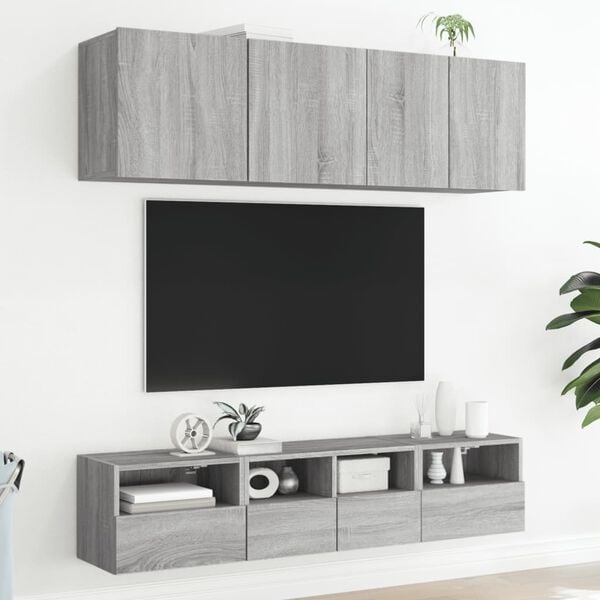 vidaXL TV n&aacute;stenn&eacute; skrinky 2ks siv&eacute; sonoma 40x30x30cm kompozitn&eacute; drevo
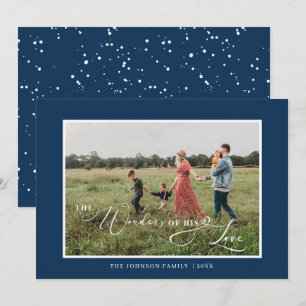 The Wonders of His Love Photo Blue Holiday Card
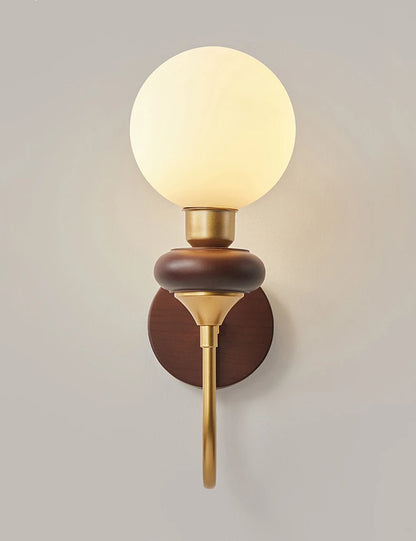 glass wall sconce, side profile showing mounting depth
...
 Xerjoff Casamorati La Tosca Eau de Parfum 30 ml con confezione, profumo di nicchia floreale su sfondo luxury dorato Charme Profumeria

● **Task directions**:
Beginning with the line holding "vidaXL TV n&aacute;stenn&eacute;" in the material above, restate word for word each line through the line holding "glass wall sconce, side", and exclude pictures.

● **Exercise solution**:
 vidaXL TV n&aacute;stenn&eacute; skrinky 2ks siv&eacute; sonoma 40x30x30cm kompozitn&eacute; drevo
 The Wonders of His Love Photo Blue Holiday Card
 glass wall sconce, side profile showing mounting depth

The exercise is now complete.